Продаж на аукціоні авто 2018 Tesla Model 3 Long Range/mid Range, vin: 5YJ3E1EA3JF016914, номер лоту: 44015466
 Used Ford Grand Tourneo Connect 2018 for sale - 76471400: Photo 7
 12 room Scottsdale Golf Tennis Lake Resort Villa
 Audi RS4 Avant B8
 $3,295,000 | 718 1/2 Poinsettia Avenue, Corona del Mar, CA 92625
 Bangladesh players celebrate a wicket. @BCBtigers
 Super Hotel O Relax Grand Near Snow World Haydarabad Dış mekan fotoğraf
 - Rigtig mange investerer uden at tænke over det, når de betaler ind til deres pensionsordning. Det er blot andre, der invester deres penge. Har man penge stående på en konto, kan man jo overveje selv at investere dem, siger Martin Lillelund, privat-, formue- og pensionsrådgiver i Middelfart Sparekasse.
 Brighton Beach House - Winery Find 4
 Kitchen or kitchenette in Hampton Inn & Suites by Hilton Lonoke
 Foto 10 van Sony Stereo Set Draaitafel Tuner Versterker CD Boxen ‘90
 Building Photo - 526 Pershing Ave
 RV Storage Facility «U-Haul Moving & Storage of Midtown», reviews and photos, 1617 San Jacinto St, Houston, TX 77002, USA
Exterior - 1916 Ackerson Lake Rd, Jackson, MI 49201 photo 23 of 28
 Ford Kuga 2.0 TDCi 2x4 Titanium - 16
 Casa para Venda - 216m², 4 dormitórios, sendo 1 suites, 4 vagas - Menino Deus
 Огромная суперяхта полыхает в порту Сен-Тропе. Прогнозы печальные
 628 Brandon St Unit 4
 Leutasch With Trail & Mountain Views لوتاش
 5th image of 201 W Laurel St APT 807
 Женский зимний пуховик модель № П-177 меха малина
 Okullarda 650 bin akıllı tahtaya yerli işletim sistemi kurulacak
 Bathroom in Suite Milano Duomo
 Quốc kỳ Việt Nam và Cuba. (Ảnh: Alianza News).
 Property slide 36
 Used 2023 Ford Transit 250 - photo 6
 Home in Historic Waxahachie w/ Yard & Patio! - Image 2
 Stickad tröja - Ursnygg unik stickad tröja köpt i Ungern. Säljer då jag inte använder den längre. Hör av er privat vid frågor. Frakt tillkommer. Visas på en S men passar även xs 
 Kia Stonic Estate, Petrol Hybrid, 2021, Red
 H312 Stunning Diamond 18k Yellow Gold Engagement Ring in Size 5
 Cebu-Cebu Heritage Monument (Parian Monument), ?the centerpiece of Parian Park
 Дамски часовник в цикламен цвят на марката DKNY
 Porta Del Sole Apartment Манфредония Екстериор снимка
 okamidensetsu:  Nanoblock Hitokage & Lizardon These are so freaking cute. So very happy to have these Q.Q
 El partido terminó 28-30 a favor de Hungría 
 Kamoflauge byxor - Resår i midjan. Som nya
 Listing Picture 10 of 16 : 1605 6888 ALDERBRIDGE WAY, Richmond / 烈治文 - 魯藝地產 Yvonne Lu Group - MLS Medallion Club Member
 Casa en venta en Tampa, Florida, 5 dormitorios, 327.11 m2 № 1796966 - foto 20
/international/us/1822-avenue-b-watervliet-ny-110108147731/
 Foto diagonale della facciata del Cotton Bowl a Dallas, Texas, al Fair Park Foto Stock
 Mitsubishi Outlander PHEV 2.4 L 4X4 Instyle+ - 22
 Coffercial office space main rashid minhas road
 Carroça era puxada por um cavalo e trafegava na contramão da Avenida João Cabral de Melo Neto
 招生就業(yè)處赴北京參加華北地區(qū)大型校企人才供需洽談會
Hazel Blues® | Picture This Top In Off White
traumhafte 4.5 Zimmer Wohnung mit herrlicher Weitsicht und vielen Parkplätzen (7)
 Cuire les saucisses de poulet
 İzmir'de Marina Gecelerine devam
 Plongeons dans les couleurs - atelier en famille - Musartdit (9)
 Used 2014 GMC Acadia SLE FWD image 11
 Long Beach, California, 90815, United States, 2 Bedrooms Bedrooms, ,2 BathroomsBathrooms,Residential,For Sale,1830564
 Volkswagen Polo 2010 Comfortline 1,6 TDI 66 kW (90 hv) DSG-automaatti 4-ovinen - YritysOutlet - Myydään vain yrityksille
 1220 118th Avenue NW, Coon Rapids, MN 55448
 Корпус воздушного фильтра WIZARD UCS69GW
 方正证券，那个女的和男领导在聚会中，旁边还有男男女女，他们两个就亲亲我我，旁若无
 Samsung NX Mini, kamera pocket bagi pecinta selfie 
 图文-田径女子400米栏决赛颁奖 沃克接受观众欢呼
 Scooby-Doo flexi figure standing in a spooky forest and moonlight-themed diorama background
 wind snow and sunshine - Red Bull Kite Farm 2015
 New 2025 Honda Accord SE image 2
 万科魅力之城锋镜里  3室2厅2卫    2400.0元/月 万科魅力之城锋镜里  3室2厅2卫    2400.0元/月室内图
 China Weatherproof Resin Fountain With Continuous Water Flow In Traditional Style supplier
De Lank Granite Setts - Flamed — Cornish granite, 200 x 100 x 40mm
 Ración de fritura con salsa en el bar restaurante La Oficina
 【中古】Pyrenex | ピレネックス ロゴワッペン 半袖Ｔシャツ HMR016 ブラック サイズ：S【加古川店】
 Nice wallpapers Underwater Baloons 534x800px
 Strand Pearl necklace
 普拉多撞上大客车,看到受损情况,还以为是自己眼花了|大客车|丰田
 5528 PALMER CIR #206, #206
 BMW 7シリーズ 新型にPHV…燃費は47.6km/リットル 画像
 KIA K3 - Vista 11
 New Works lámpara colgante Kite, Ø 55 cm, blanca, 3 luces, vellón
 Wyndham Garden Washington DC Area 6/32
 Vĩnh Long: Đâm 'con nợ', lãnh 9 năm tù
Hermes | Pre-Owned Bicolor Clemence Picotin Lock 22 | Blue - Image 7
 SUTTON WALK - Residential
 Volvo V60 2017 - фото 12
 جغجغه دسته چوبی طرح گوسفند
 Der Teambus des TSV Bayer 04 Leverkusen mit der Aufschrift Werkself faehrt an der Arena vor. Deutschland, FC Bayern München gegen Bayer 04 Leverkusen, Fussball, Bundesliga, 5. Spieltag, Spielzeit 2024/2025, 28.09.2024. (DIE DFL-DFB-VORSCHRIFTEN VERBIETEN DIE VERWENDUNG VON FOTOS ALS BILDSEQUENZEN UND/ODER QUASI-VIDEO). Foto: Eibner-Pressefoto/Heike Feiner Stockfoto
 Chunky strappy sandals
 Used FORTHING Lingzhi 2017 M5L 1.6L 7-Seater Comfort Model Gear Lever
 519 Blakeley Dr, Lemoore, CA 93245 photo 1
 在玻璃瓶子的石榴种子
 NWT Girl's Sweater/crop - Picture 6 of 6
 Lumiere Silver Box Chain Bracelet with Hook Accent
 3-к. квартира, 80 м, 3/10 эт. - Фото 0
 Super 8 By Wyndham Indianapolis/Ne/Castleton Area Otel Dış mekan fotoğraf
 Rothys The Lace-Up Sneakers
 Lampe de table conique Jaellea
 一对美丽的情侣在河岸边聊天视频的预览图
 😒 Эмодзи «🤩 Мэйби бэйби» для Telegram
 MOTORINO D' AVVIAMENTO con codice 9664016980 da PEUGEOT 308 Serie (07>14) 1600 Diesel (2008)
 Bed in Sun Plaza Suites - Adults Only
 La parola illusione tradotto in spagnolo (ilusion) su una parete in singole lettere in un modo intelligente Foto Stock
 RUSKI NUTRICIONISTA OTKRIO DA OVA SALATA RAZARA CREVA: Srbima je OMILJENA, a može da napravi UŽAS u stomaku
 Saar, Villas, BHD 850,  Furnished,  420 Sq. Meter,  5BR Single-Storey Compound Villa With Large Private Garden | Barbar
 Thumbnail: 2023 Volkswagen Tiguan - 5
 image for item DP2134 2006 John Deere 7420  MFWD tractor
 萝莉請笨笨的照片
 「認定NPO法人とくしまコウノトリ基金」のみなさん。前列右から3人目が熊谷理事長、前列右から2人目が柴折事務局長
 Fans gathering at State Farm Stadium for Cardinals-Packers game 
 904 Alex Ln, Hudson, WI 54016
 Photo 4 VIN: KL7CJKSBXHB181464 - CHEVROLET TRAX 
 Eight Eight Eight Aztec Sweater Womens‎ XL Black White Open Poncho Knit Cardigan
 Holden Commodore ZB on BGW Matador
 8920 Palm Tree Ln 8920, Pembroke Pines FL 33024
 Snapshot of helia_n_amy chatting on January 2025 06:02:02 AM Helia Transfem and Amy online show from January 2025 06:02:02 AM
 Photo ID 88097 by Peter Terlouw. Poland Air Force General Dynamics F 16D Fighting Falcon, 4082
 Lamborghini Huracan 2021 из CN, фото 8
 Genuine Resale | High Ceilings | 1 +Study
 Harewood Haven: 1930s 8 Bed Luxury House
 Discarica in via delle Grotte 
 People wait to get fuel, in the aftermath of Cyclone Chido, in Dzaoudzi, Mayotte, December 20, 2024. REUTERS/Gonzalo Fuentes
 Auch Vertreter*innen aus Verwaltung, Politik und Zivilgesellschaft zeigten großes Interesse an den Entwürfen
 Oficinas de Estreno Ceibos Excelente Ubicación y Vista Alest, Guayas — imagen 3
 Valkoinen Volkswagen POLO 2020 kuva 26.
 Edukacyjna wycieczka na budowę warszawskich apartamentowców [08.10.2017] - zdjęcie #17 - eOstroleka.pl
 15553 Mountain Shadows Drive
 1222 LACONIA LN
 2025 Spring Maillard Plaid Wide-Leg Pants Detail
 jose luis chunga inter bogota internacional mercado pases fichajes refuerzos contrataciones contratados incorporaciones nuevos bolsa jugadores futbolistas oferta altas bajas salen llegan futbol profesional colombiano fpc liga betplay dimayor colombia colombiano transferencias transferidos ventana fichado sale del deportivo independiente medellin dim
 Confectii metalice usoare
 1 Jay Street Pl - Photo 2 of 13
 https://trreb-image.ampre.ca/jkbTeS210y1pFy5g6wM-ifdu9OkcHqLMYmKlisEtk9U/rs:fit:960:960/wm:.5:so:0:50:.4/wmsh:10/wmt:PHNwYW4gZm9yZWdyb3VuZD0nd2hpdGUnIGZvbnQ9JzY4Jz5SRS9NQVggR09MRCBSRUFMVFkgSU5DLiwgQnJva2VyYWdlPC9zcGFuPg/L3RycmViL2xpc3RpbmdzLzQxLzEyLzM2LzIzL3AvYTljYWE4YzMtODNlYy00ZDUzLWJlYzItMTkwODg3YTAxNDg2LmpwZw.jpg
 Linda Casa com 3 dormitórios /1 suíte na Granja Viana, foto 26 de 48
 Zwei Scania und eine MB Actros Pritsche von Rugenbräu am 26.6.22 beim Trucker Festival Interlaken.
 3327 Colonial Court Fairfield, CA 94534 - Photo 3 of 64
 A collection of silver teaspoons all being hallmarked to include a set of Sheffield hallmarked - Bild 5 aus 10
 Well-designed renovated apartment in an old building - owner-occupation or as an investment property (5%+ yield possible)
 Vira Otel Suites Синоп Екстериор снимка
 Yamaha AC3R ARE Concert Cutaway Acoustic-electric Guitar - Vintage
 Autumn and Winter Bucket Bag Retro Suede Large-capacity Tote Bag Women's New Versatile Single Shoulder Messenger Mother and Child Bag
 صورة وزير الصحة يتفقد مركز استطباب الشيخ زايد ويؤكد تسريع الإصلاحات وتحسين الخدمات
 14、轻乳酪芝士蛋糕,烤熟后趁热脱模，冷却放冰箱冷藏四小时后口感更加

⁂

Across the entries above, how many lines carry the word "House"? Write only the number.

**ANSWER SECTION:**
2